Kegiatan ini menjadi momentum istimewa untuk melepas dengan penuh penghormatan Ibu Adriani Karolina, S.H., yang telah mengemban amanah sebagai Panitera Pengadilan Negeri Maumere dengan dedikasi, integritas, dan loyalitas tinggi. Dalam balutan suasana kebersamaan, seluruh aparatur Pengadilan Negeri Maumere hadir memberikan doa dan apresiasi atas pengabdian yang telah ditorehkan.
Dalam sambutannya, Ketua Pengadilan Negeri Maumere menyampaikan rasa terima kasih yang mendalam atas kontribusi dan kerja keras yang telah diberikan selama masa tugas.
“Setiap pengabdian meninggalkan jejak, dan setiap jejak adalah bagian dari sejarah lembaga ini,” ungkap beliau dengan nada penuh penghargaan.
Momen paling mengharukan terjadi saat penyampaian kesan dan pesan dari Panitera yang akan alih tugas. Dengan suara yang bergetar, beliau menyampaikan rasa syukur atas kebersamaan, dukungan, dan sinergi yang telah terjalin selama ini. Tak sedikit hadirin yang larut dalam suasana haru, mengenang perjalanan tugas yang telah dilalui bersama.
Sebagai simbol penghormatan, diserahkan cenderamata dan kenang-kenangan dari keluarga besar Pengadilan Negeri Maumere, disertai doa agar senantiasa diberikan kelancaran dan kesuksesan dalam mengemban amanah di tempat tugas yang baru.
Memasuki waktu berbuka, lantunan doa mengiringi detik-detik berbuka puasa, menghadirkan suasana hangat dan penuh rasa syukur.

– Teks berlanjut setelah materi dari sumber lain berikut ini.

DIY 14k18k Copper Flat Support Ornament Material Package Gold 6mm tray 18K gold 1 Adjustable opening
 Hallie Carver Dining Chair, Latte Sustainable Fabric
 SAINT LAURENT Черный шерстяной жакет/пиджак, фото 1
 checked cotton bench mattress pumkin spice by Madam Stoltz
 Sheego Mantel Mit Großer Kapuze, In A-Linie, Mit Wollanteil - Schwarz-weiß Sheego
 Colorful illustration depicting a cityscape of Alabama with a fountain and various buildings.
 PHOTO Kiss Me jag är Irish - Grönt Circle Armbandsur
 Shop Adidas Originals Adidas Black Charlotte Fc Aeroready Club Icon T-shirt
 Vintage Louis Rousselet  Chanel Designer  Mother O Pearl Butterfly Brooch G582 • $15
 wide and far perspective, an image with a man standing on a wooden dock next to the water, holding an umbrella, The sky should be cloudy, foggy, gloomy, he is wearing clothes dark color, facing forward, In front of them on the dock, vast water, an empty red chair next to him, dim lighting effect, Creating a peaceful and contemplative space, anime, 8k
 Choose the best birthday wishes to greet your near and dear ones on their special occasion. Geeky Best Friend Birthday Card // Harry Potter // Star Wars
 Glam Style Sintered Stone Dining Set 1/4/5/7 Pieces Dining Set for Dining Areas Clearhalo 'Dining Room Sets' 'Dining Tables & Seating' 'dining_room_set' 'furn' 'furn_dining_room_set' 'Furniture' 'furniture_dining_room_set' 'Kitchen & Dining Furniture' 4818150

Kegiatan ditutup dengan buka puasa bersama yang berlangsung dalam suasana akrab dan kekeluargaan, mempererat silaturahmi serta memperkokoh kebersamaan antarpegawai.
Pengantar alih tugas ini bukan sekadar seremoni, melainkan peneguhan nilai loyalitas dan integritas dalam setiap langkah pengabdian. Di balik perpisahan, terselip doa dan harapan agar pengabdian terus berlanjut, di mana pun amanah itu dititipkan.